VITA is a private, nonprofit organization that supports people
working on technical problems in developing countries. VITA offers
information and assistance aimed at helping individuals and
groups to select and implement technologies appropriate to their
situations. VITA maintains an international Inquiry Service, a
specialized documentation center, and a computerized roster of
volunteer technical consultants; manages long-term field projects;
and publishes a variety of technical manuals and papers.
ENERGY STORAGE METHODS
By VITA Volunteer Clyde S. Brooks
I. INTRODUCTION
Energy storage capability is essential if the maximum economic
advantage is to be gained from small power plants. Unless the
power plant is operated at full load on a continual basis, there
will be periods when there is a lower load demand upon the plant.

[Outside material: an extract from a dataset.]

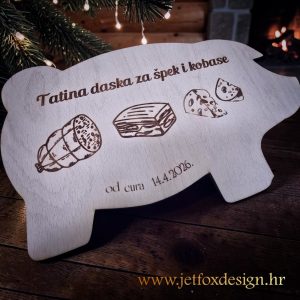 Tražite originalan poklon za ljubitelja suhomesnatih proizvoda? Personalizirana drvena daska u obliku svinje s gravurom po želji.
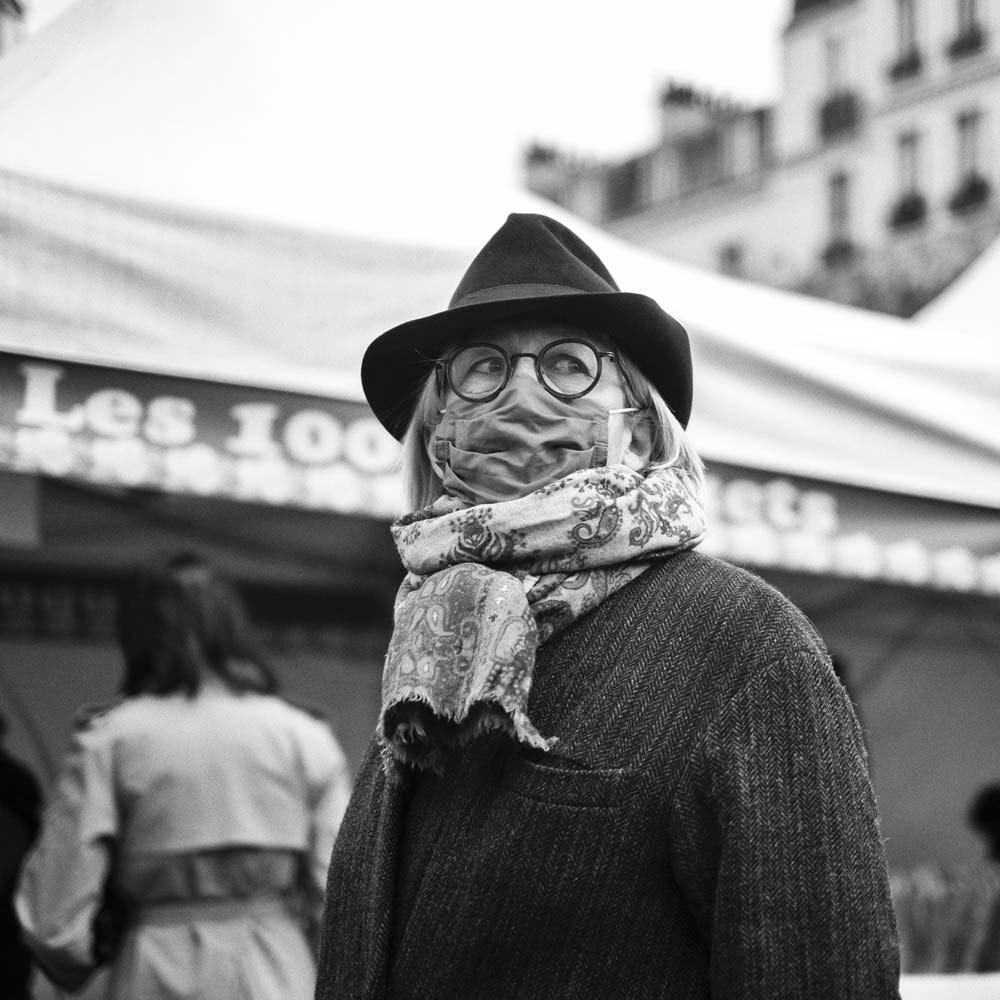 street photography regards masqués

As a result of this lower demand, excess energy will be generated
by the plant. The use of an energy storage system will allow for
the recapture of this surplus energy and its later use during
periods of high demand.
This paper presents a critical review of the technical features,
state of development, and economics of various energy storage
systems and their compatibility with small power plants. The
small power plants examined here have generation capacities within
a range of 1 to 50 kilowatts (kW) and consist of systems such
as windmills and small-scale hydropower.
Energy storage systems potentially compatible with small power
plants include batteries, flywheels, pumped water, and compressed
air.(*) In selecting an energy storage system for small power
plants in developing countries, the most important factors to
consider are storage capacity required; capital costs; operating
costs; nature of storage/generation duty cycles; system complexity
in terms of how easily the system can be built, operated, and
maintained; hardware availability; form of energy recoverable
from storage; conversion efficiency; and the country's current
state of technical development in related fields.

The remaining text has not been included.